EXERCISE DESCRIPTION>
Using the data below, return the stretch from the line that contains "Telesha & Anna Lesha Gonzales | Still I Rise" through the line that contains "Progress in Botany /", both included, exactly as it stands and nothing beyond it.

SOURCE RECORDS>
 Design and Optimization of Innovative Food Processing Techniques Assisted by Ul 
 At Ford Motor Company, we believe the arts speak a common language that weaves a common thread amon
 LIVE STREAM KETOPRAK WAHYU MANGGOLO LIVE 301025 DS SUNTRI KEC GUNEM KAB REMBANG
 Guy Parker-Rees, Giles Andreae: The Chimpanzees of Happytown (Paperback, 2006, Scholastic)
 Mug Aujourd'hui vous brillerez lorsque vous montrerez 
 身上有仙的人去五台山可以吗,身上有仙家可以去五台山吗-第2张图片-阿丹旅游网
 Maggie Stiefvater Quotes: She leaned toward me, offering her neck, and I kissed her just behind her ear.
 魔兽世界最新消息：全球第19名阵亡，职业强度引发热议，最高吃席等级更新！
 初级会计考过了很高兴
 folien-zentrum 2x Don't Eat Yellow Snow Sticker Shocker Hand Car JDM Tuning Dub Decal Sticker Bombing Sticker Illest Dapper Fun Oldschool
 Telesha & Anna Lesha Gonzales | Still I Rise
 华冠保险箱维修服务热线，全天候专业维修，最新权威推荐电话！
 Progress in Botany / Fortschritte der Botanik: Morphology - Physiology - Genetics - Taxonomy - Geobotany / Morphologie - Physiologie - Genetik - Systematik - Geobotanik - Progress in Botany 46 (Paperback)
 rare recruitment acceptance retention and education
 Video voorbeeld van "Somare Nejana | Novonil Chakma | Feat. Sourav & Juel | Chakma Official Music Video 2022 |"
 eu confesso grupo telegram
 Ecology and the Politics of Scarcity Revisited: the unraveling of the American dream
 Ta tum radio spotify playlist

SOLUTION FOR THIS TASK>
 Telesha & Anna Lesha Gonzales | Still I Rise
 华冠保险箱维修服务热线，全天候专业维修，最新权威推荐电话！
 Progress in Botany / Fortschritte der Botanik: Morphology - Physiology - Genetics - Taxonomy - Geobotany / Morphologie - Physiologie - Genetik - Systematik - Geobotanik - Progress in Botany 46 (Paperback)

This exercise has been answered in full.